▶ What is being asked
Your answer is the lines below, exactly, from the one that contains "The Path of Purification: Visuddhimagga" through the one that contains "Obrazek Polacy i", both included.
======== Record set ========
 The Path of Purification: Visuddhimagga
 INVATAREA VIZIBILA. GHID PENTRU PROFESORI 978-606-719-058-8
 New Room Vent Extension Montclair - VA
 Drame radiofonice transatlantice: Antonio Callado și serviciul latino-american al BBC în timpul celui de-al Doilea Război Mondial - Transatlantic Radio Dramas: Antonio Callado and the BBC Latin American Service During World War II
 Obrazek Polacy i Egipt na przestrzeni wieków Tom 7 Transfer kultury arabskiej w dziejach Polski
========
======== Record set ========
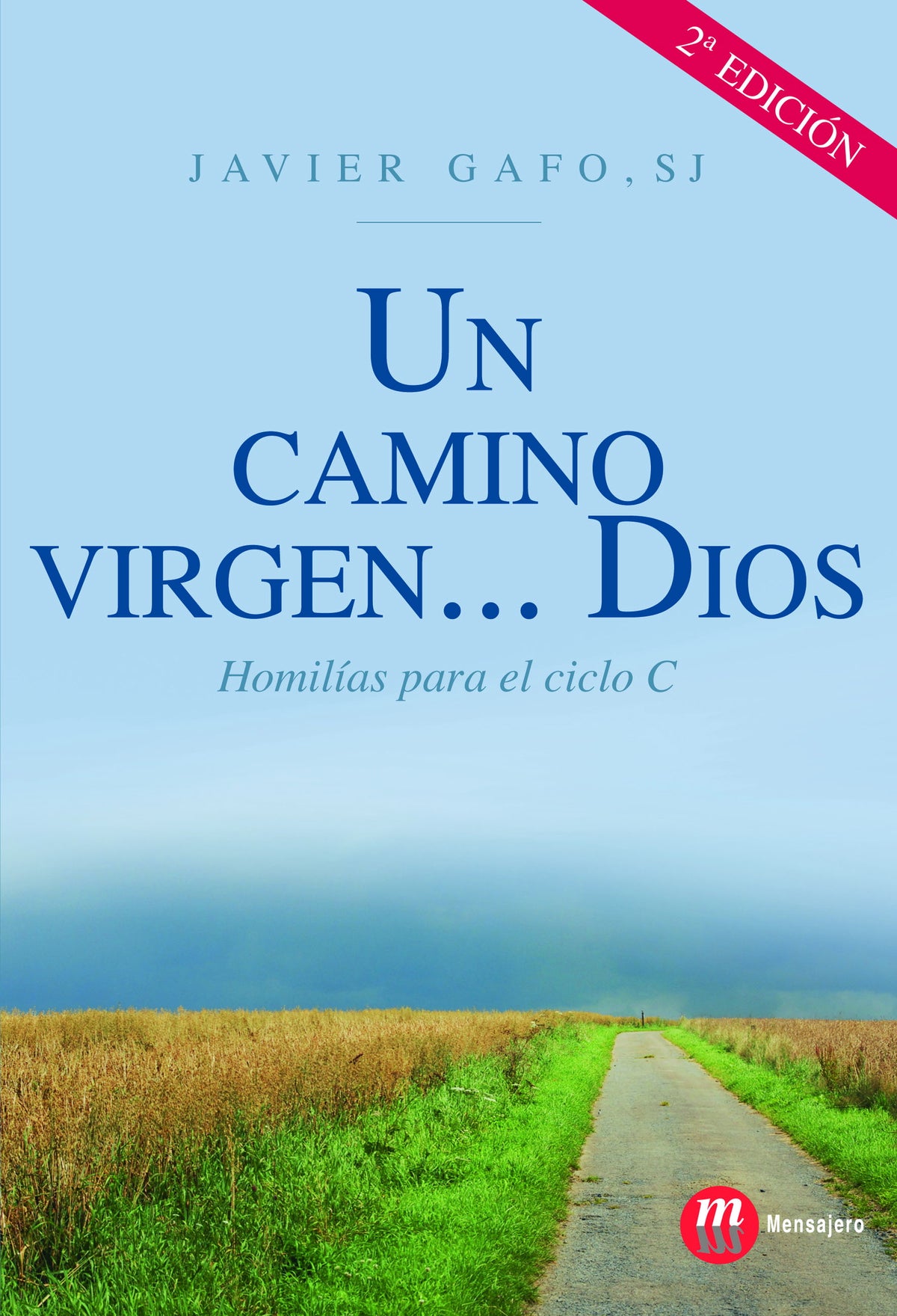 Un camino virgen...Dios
========
▶ Solution to the problem
 The Path of Purification: Visuddhimagga
 INVATAREA VIZIBILA. GHID PENTRU PROFESORI 978-606-719-058-8
 New Room Vent Extension Montclair - VA
 Drame radiofonice transatlantice: Antonio Callado și serviciul latino-american al BBC în timpul celui de-al Doilea Război Mondial - Transatlantic Radio Dramas: Antonio Callado and the BBC Latin American Service During World War II
 Obrazek Polacy i Egipt na przestrzeni wieków Tom 7 Transfer kultury arabskiej w dziejach Polski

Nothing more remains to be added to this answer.